Homotopy principles for equivariant isomorphisms (1503.00797v4)

Abstract: Let $G$ be a reductive complex Lie group acting holomorphically on Stein manifolds $X$ and $Y$. Let $p_X\colon X\to Q_X$ and $p_Y\colon Y\to Q_Y$ be the quotient mappings. When is there an equivariant biholomorphism of $X$ and $Y$? A necessary condition is that the categorical quotients $Q_X$ and $Q_Y$ are biholomorphic and that the biholomorphism $\phi$ sends the Luna strata of $Q_X$ isomorphically onto the corresponding Luna strata of $Q_Y$. Fix $\phi$. We demonstrate two homotopy principles in this situation.
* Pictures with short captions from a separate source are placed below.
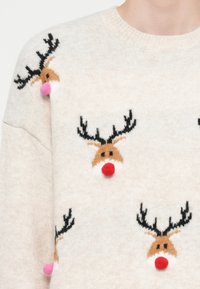 Krēmkrāsas džemperis ar atkārtotiem brūniem ziemeļbriežu sejiņām, melnām ragiem un paceltām sarkaniem vai rozā pom-pom deguniem uz pleciem un priekšpuses.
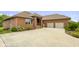 Charming brick home featuring a two-car garage, manicured lawn, and a covered front porch at 888 Westcreek Dr, Columbus, IN 47201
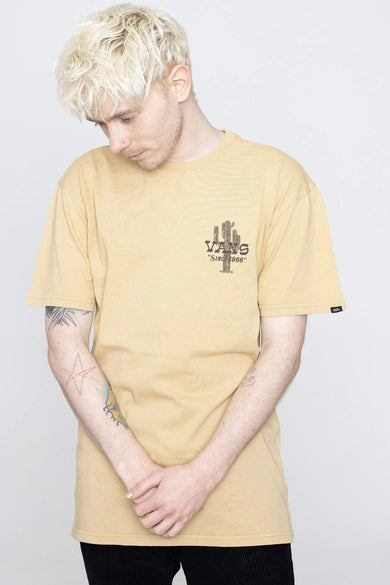 T-shirt beige à manches courtes de VANS avec logo cactus et texte "Since 1966", porté par un mannequin dans une photo lifestyle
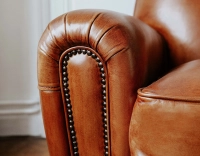 Leather club armchair light brown studded armrests Leather club armchair light brown studded armrests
The first result says that if there is a $G$-diffeomorphism $\Phi\colon X\to Y$, inducing $\phi$, which is $G$-biholomorphic on the reduced fibres of the quotient mappings, then $\Phi$ is homotopic, through $G$-diffeomorphisms satisfying the same conditions, to a $G$-equivariant biholomorphism from $X$ to $Y$. The second result roughly says that if we have a $G$-homeomorphism $\Phi\colon X\to Y$ which induces a continuous family of $G$-equivariant biholomorphisms of the fibres $p_X^{-1}(q)$ and $p_Y^{-1}(\phi(q))$ for $q\in Q_X$ and if $X$ satisfies an auxiliary property (which holds for most $X$), then $\Phi$ is homotopic, through $G$-homeomorphisms satisfying the same conditions, to a $G$-equivariant biholomorphism from $X$ to $Y$. Our results improve upon earlier work of the authors and use new ideas and techniques.